После этого он уже почти не приходил в сознание. Весь день среду он горел, изредка стонал… Сыпь с утра скрылась. Его обертывали в простыню, намоченную в горчичную холодную воду, потом сажали в теплую ванну - ничего не помогало. Он все тише и тише дышал, стали холодеть ножки и ручки, потом он открыл глазки и затих… При нем были: Маша, Машенька (сестра Левочки), она все молилась и крестила его, няня и больше никого. Таня все убегала. Я сидела в другой комнате с Левочкой, и мы замерли в диком отчаянии. …Прислали столько венков, цветов, букетов, что вся комната была, как сад. О заразе никто не думал. Все мы страстно примкнули и к друг другу, и к любви нашей к покойному Ванечке, все не расставались. Машенька жила у нас и разделяла с нами наше горе так хорошо и душевно.
На третий день, 25-го, его отпели, заколотили и поставили на наши большие четырехместные сани. Гробик и сани были завалены венками и цветами. Сели мы с Левочкой друг против друга и тихо двинулись…
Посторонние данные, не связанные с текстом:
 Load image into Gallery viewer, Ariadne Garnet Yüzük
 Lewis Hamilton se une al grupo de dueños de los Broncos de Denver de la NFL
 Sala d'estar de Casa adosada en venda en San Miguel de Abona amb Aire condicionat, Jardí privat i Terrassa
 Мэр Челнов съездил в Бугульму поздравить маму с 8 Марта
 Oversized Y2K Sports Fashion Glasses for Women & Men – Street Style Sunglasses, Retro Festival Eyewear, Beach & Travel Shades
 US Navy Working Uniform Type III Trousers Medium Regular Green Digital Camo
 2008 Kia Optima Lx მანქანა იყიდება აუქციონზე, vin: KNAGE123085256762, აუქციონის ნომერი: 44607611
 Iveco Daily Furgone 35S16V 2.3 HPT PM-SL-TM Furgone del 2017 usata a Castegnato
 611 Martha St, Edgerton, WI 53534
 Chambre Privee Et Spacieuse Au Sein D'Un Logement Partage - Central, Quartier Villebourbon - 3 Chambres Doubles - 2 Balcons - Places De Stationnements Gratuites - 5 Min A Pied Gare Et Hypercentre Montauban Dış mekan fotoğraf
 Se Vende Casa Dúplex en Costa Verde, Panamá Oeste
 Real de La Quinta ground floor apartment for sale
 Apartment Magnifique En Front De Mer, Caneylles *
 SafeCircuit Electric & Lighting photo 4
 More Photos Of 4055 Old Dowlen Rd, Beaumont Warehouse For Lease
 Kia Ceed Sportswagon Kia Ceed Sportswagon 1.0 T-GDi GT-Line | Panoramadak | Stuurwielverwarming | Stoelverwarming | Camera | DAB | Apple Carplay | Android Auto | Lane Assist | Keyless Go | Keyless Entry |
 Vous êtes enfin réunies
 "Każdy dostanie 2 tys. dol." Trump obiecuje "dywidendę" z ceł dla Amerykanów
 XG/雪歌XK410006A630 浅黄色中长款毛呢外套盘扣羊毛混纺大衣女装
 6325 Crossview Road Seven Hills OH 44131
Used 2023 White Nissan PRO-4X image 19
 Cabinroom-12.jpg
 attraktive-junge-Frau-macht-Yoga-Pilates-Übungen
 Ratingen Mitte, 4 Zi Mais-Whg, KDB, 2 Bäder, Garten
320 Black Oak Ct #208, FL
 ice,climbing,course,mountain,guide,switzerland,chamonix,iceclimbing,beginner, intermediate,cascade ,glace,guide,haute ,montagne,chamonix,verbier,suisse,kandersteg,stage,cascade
На кладбище поехало очень много народу. Было тихо и тепло. Левочка дорогой вспоминал, как он, любя меня, ходил по этой дороге в Покровское, умилялся, плакал и очень ласкал меня словами и воспоминаниями… С саней опять нес гробик Левочка с сыновьями. Все плакали, глядя на старого, убитого горем отца. Да, подумай, Таня, естественно ли нам, седым, хоронить всю самую светлую нашу будущность в этом ребенке?